(Excerpted data begins)
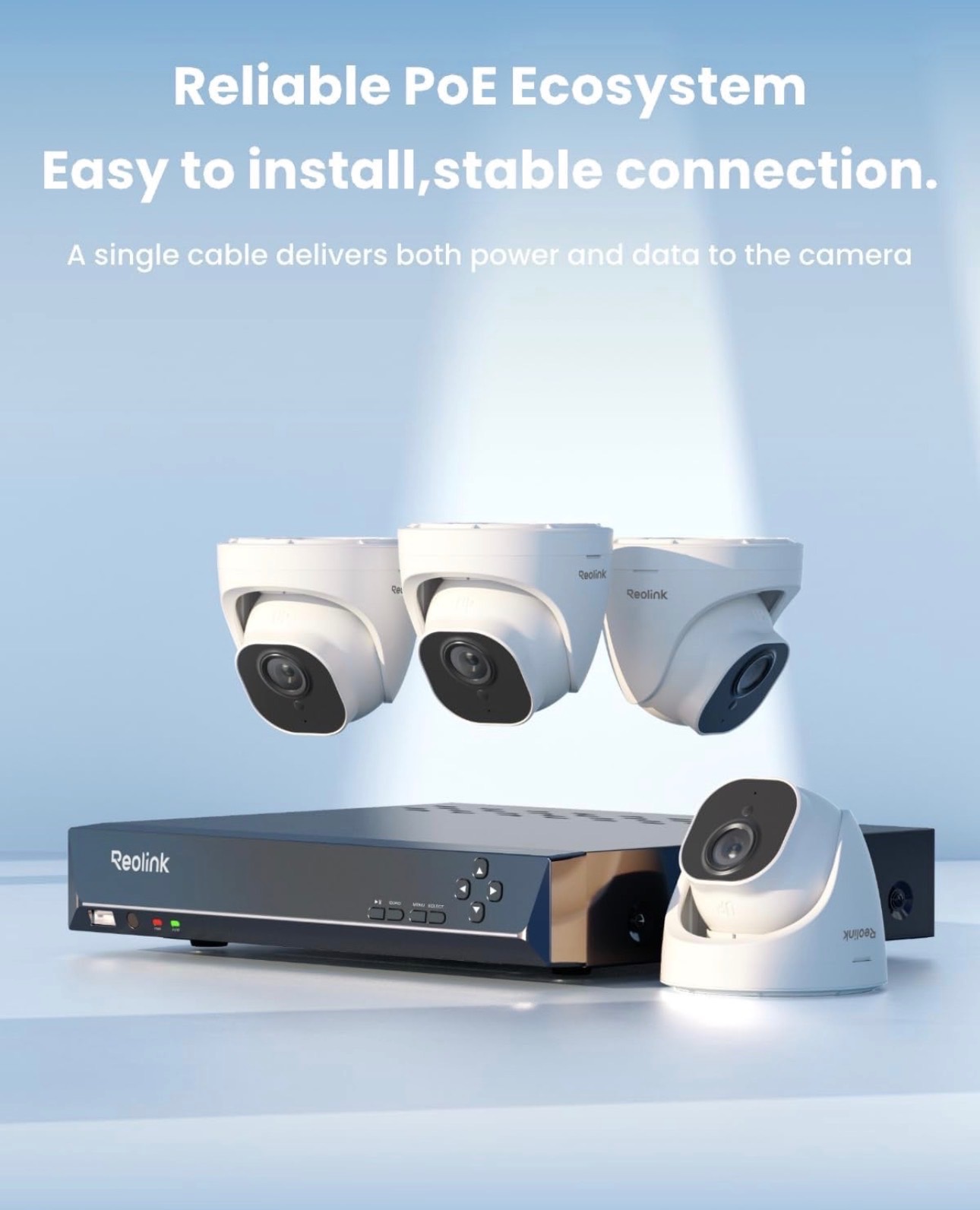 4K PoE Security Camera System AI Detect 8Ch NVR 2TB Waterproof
(Excerpted data ends)
(Excerpted data begins)
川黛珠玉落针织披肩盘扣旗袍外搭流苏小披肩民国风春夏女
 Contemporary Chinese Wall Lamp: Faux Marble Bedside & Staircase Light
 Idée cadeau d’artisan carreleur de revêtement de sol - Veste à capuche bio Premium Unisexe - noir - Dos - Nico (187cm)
(Excerpted data ends)
### Goal of the exercise
Take the lines above from the one containing "Contemporary Chinese Wall" to the one containing "Idée cadeau d’artisan" and retype them exactly, both ends included, with nothing added.

### Result of this task
 Contemporary Chinese Wall Lamp: Faux Marble Bedside & Staircase Light
 Idée cadeau d’artisan carreleur de revêtement de sol - Veste à capuche bio Premium Unisexe - noir - Dos - Nico (187cm)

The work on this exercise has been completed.